- **Dataset content**:
-*-*-
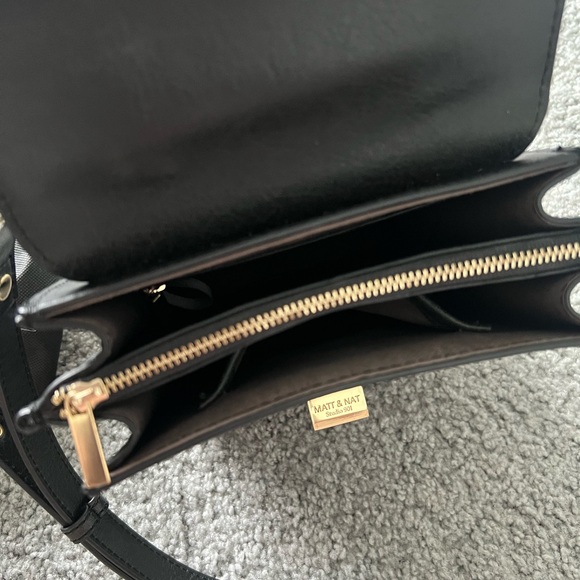 Matt & Nat Petra Vegan Crossbody Bag - Vintage - Picture 8 of 9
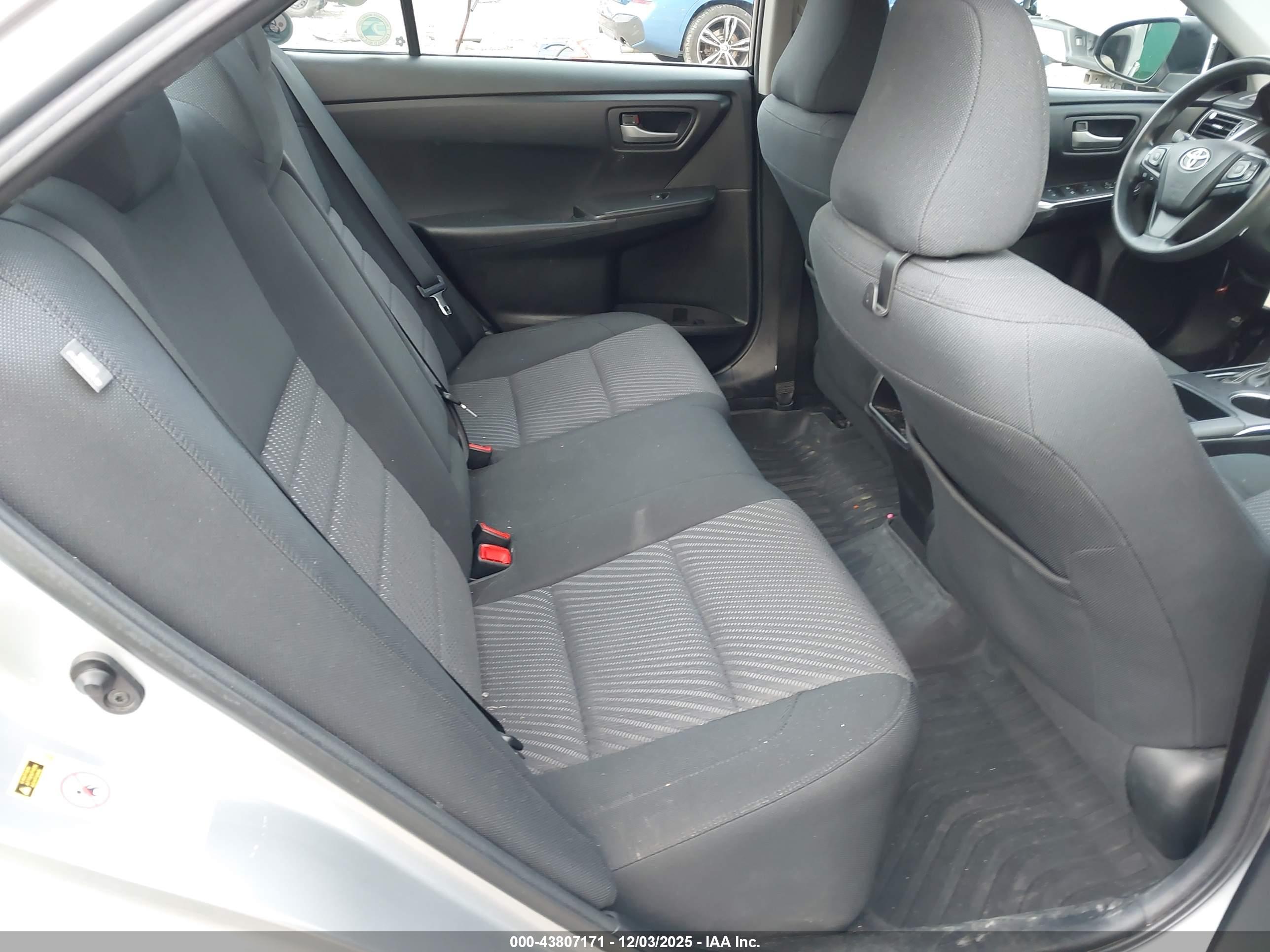 TOYOTA CAMRY image 8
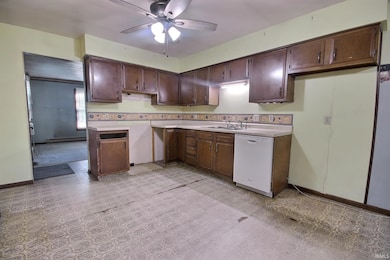 2090 Chief Turtle Ct, Huntington, IN 46750 - photo 4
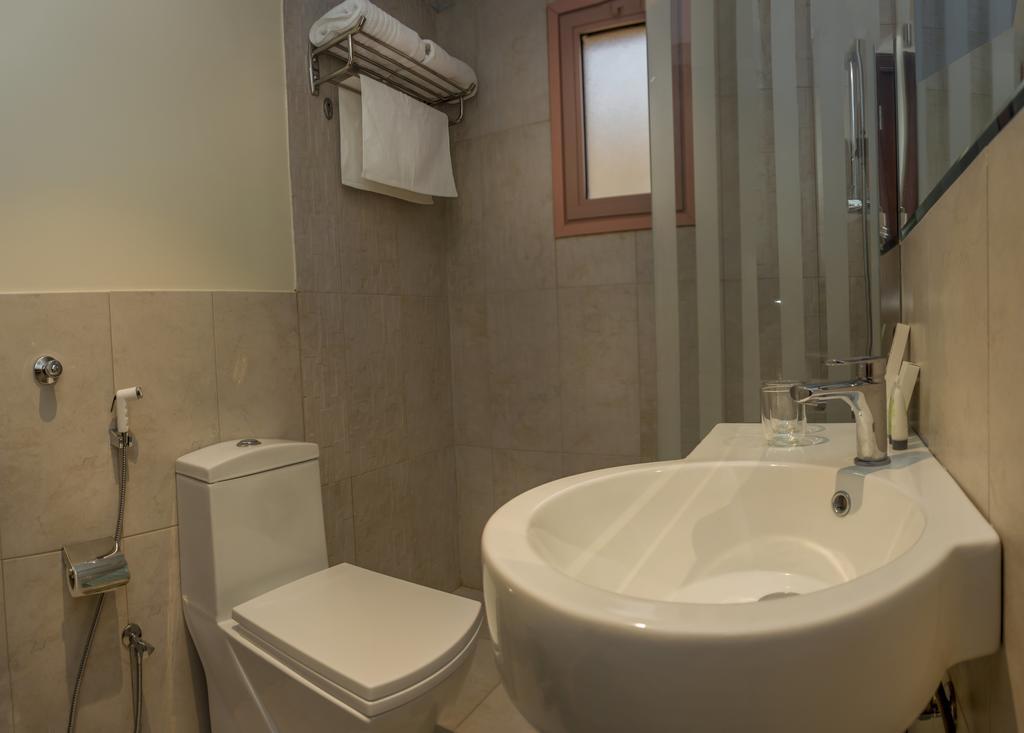 Burj Alhayat Hotel Suites Olaya Riyadh Exterior photo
-*-*-
- **Task requirements**: Print verbatim every line above, apart from the pictures.

- **Exercise result**:
 Matt & Nat Petra Vegan Crossbody Bag - Vintage - Picture 8 of 9
 TOYOTA CAMRY image 8
 2090 Chief Turtle Ct, Huntington, IN 46750 - photo 4
 Burj Alhayat Hotel Suites Olaya Riyadh Exterior photo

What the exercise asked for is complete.